Berger, of the Canadian Civil Liberties Association, said it’s important to test assumptions in this emerging area of technology and policing.
“I think there is an assumption that if people are being filmed, they will not unnecessarily use violence, that they’ll be more conscious and more thoughtful about the ways that they react because they know that they’re on camera,” she said.
“We need to be cautious of the idea that video never lies and that video evidence will provide a panacea to concerns about police use of force and accountability.”
However, the CCLA does believe police body cameras “can be an important tool for accountability and transparency,” Berger said, as long as “the accountability benefits outweigh any privacy risks” for the public.
One of the key questions, she said, is determining when the cameras should be on or off, and who makes that decision.
“The value of a body camera as an accountability tool is eroded if the individual officer has control and discretion over when to turn it on,” she said. “If officers can pick and choose which interactions they want to record … we might expect that negative interactions are not going to be recorded, and so we’re not going to have that evidence that could be useful in cases of police violence or in cases where complaints are lodged.”
Still, Berger believes it’s possible for police services to “strike the appropriate balance” with clear policies stipulating what must be recorded, including arrests, and disciplinary consequences for officers who don’t have a “reasonable explanation for why there wasn’t footage of [an] interaction.”
Brookwell agrees, saying the Calgary police worked extensively on a comprehensive policy and will continue to revise it as new questions or issues arise.
He said situations in which officers can or should turn off their cameras include:
- In a law office.
- In a hospital.
- When interviewing a sexual assault victim.
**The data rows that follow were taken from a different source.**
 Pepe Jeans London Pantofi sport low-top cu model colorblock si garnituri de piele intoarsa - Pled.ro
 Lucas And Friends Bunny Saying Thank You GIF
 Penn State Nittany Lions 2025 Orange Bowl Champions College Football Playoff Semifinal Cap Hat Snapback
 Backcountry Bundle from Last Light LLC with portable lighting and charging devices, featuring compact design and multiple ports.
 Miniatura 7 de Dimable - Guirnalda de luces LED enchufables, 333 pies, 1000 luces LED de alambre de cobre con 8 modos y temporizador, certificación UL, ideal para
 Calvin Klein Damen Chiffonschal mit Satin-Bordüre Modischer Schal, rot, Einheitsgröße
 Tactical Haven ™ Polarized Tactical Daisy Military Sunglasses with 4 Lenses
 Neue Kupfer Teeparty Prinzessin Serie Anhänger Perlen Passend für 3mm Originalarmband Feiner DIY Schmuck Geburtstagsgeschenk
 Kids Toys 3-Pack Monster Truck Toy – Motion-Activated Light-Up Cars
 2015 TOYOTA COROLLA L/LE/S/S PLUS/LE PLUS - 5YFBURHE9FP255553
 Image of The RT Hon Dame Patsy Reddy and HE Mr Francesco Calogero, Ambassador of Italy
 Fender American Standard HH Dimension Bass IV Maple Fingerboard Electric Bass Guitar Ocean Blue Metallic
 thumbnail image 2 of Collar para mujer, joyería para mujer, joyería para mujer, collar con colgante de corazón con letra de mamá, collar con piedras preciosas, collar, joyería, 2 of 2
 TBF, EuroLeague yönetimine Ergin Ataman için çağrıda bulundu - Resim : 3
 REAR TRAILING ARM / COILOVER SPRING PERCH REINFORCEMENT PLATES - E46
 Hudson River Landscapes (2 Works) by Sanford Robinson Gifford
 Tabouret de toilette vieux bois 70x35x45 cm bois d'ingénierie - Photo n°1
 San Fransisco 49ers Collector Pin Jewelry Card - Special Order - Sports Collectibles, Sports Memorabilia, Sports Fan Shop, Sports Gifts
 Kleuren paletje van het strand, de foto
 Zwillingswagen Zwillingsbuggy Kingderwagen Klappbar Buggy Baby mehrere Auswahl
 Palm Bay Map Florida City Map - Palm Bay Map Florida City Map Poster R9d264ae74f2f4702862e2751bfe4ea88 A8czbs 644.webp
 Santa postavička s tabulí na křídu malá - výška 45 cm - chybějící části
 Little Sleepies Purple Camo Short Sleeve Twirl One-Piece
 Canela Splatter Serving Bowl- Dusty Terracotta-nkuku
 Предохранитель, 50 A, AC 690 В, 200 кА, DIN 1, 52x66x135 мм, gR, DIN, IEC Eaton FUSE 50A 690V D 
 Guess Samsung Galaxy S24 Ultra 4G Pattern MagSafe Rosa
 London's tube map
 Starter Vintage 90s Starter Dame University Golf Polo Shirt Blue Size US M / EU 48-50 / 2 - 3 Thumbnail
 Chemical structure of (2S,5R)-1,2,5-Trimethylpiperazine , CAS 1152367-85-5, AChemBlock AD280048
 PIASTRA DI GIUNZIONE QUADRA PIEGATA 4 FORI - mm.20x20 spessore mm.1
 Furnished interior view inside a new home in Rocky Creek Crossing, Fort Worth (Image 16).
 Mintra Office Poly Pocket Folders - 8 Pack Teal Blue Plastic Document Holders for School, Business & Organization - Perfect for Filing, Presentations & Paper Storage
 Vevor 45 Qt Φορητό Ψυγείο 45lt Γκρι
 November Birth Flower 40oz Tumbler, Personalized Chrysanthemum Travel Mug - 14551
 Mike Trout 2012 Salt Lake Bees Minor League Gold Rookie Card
- When interviewing a child.
- Notifying family members of a death.
- During bathroom breaks or while making personal phone calls.
‘Tread slowly and carefully’
Police officers themselves have many unanswered questions when it comes to wearing cameras, said Bruce Chapman, president of the Police Association of Ontario.
“We’re not opposed to it,” Chapman said. “We see some value to it to protect our officers and … to get a full version of an event or an action where the police are engaged with members of the public.”
However, “there’s so many variables that cause us some concern that haven’t been fully explored,” he said, including whether cameras can be turned on in people’s houses or in police cars when two officers are alone having a conversation.
“I just think we need to tread slowly and carefully … and have all those answers before we go full speed ahead,” Chapman said.
Brookwell said that’s what Calgary police are doing.
“We want to do it right. We don’t want to do it fast,” he said.